MANILA (Reuters) – Two gunmen on a motorcycle shot dead a radio journalist outside his home in the Philippines on Tuesday, police said, four years after the broadcaster survived a near-identical assassination attempt.
Virgilio Maganes, 62, based in the province of Pangasinan, northwest of Manila, was shot six times and died at the scene, they said in a statement.
The Presidential Task Force on Media Security described the killing as “an act of cowardice” and vowed to hunt down those responsible.
Maganes had survived the previous attempt on his life in November 2016 by playing dead.
“We demand that the authorities work fast to solve his death, which could be related to the botched attempt on his life,” the National Union of Journalists of the Philippines (NUJP) said in a statement.
Justice Secretary Menardo Guevarra said both his murder and the 2016 attack would be investigated to establish whether they were linked to his work as a journalist.
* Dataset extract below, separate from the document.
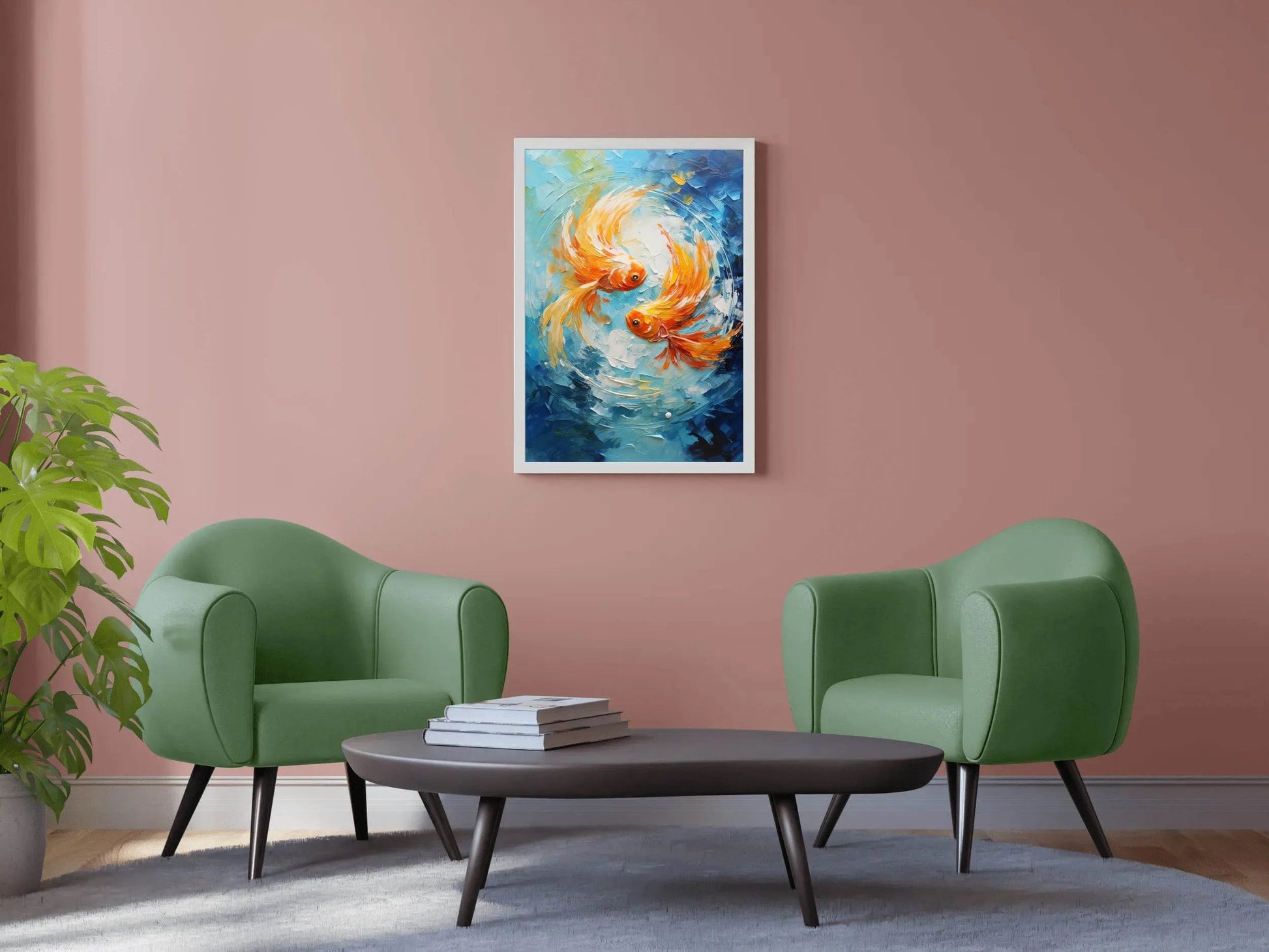 Goldfish Swimming Painting - beink online art store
Despite its reputation for having one of Asia’s most liberal media scenes, the Philippines is one of the world’s most deadly countries for journalists, with at least 190 killed in the past 35 years. Provincial broadcasters are among those most targeted.
President Rodrigo Duterte made creating the media security task force a priority on taking office in 2016, but his critics say press freedom has deteriorated on his watch.
They point to his verbal tirades and lawsuits against news organisations and his failure to condemn online trolling and threats against media made by his diehard supporters.
The Duterte administration denies targeting media for its reporting.